Iren spa e 5T testano la soluzione per il parcheggio delle persone diversamente abili

Il servizio, lanciato il 28 giugno, fornisce in tempo reale informazioni sullo stato di occupazione degli stalli disabili, consentendo agli automobilisti a bordo di vetture con contrassegno disabili di ottimizzare la propria ricerca di parcheggio.

La sperimentazione è attiva su un centinaio di stalli disabili presenti nelle aree attigue agli ospedali cittadini, in particolare quelli della Città della Salute (Molinette, Sant’Anna, Regina Margherita, CTO). Successivamente, a seguito dei risultati conseguiti, si valuterà l’estensione anche ad altre zone ospedaliere della città (Amedeo di Savoia, Mauriziano).
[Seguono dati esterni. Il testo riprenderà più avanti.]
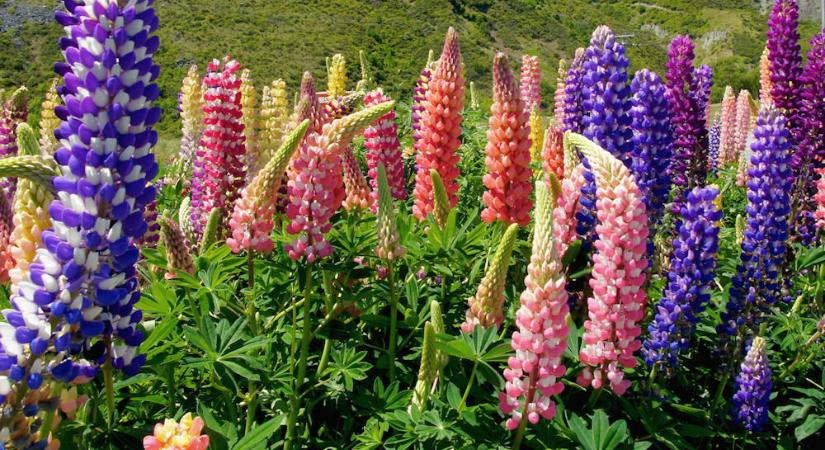 Csillagfürtök – a kert színrobbanása, ami nélkül unalmas lenne a nyár!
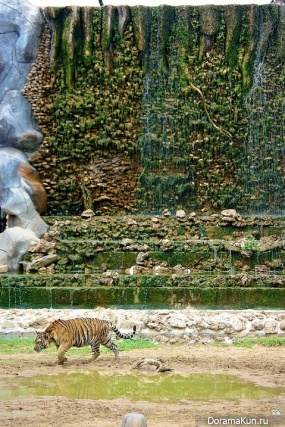 Tiger temple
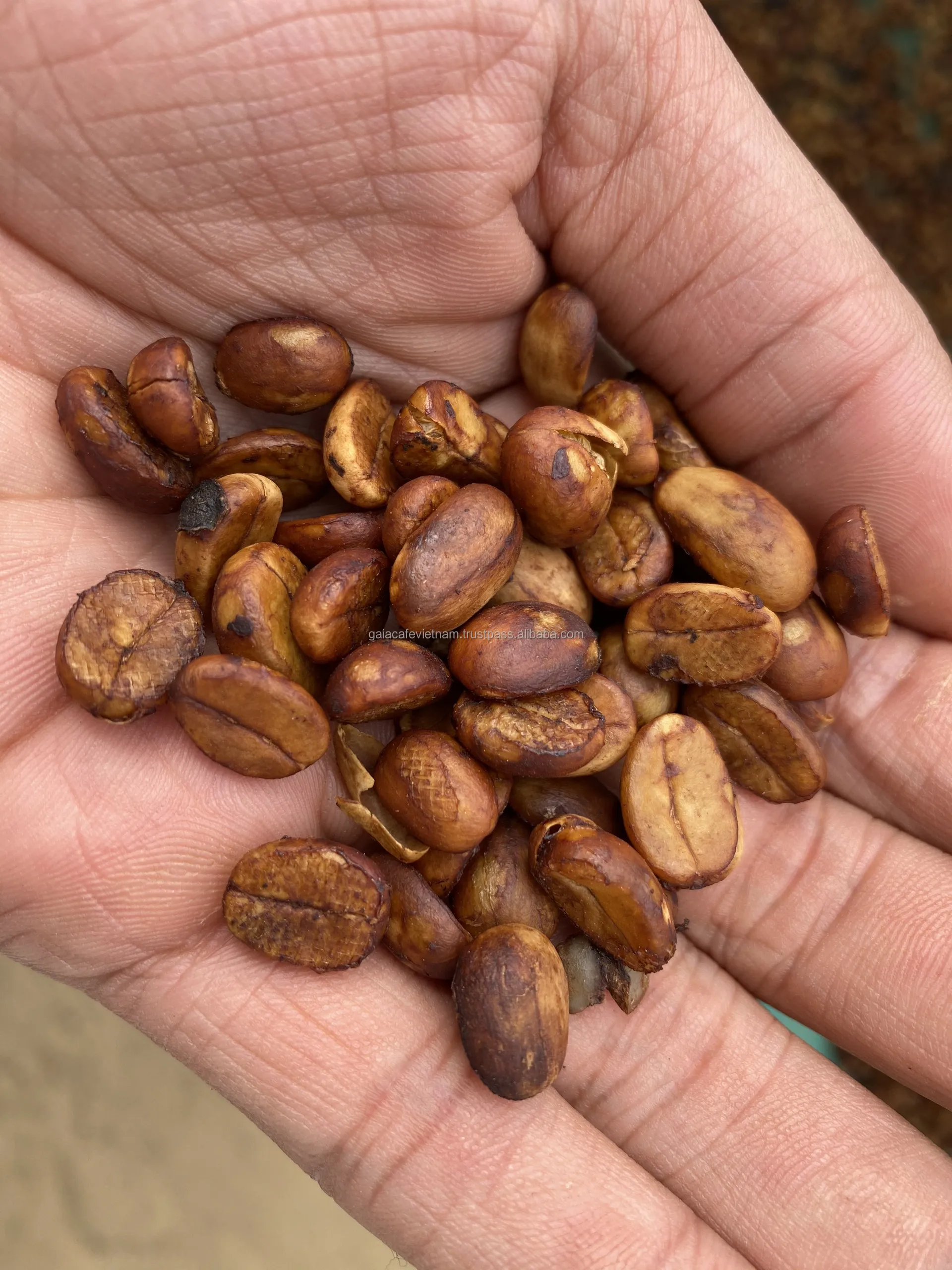 Arabica Raw Coffee Beans Honey Process High Quality S16 with 98% Maturity Cherries from Central Highland of Vietnam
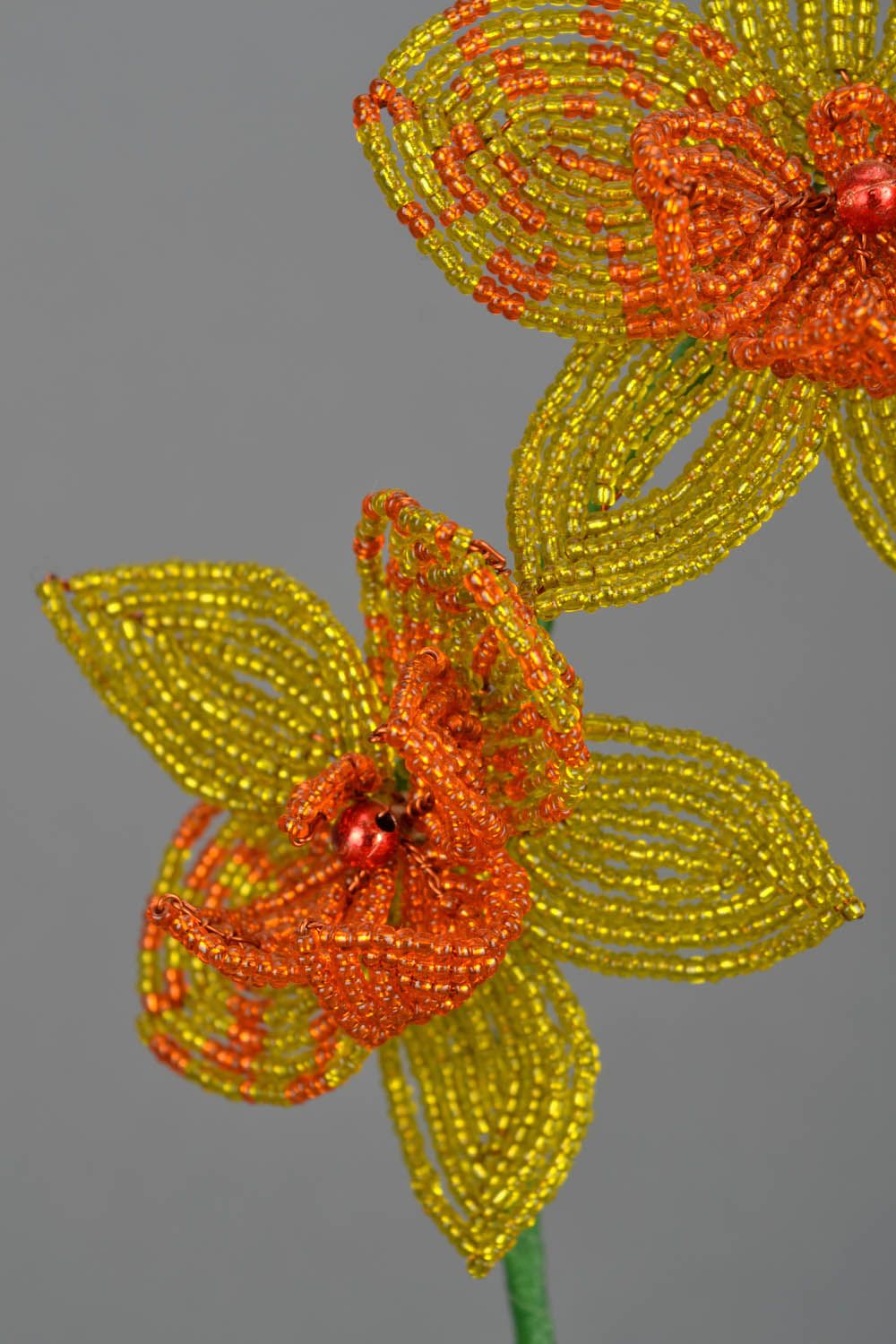 Beaded yellow orchid  photo 4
Dal punto di vista tecnologico la sperimentazione consiste nel dotare gli stalli di sensori magnetici alimentati a batteria che rilevano con continuità la presenza di un veicolo e comunicano l’informazione tramite una rete IoT (Internet of Things) che sfrutta il protocollo LoRaWAN predisposta da Iren per le aree di sperimentazione. La tecnologia LoRaWAN permette di connettere dispositivi di costo contenuto (telecomandi, sensori, contatori) con la possibilità di ricevere e trasmettere piccole quantità di dati a distanze considerevoli, in alternativa all’utilizzo di connessioni Wi-Fi o di operatori mobili. I dati rilevati dal monitoraggio saranno veicolati tramite una rete di connettività e salvati su database centrali, ove sarà possibile analizzare i dati e gestire procedure di retroazione.

Gli utenti potranno consultare le informazioni in tempo reale sullo stato di occupazione del parcheggio mediante una mappa dedicata e mobile responsive (quindi fruibile sia da computer sia da smartphone) disponibile sul sito web Muoversi a Torino (www.muoversiatorino.it), il portale ufficiale di infomobilità della Città di Torino. Inoltre, gli utenti disabili avranno a disposizione un’app per verificare la disponibilità dei posti riservati e, una volta raggiunto il parcheggio, identificarsi e certificare automaticamente il proprio diritto ad occupare lo stallo: attraverso questo canale, si potrà anche attivare in futuro un servizio di notifica per accertare e contrastare con tempestività eventuali occupazioni abusive di veicoli che non trasportino utenti disabili.

La sperimentazione rientra nell’ambito della collaborazione tra città di Torino e Iren spa, avviata con il progetto IoTorino che ha come scopo finale quello di dotare la città di un’ampia rete IoT (Internet of Things), capace di attivare servizi sfruttando una tecnologia a basso consumo energetico e contenuti costi di installazione e manutenzione.

Le altre sperimentazioni del Lab IoT

La genovese Artys sta testando un sistema che in tempo reale stima l’estensione e l’evoluzione delle piogge. La sperimentazione della rete SigFox di Nettrotter riguarda tre ambiti: il monitoraggio del rumore nelle zone della movida, del livello dei fiumi in corrispondenza dei ponti Carlo Emanuele III e Rossini, e dell’ambiente con il controllo da remoto del livello di riempimento dei cassonetti del vetro nel quartiere San Salvario. La torinese Regola con i sensori installati sulla Mole e su altri due edifici comunali sperimenta un sistema in grado di prevedere con trenta secondi di anticipo i terremoti. Il progetto di cybersecurity IoT Threat Defense di Cisco intende proteggere tutte le applicazioni cittadine basate su sensori bloccando le minacce informatiche. Espereal Technologies propone le pietre che parlano, Tellingstones, particolari dispositivi che da 35 siti tra San Salvario, Aurora e Centro, inviano storie e informazioni turistiche agli smartphone dei passanti (cittadini e turisti) che vorranno usufruire di questa opportunità. L’azienda bolognese CAE ha messo in campo un sistema di allerta per la cittadinanza in caso di innalzamento del livello del torrente Sangone nella zona di confluenza con il Po a Moncalieri. E infine, Enerbrain ha installato in diverse scuole ed edifici pubblici della Città un sistema per l’efficientamento energetico degli impianti di riscaldamento, ventilazione e condizionamento dell’aria.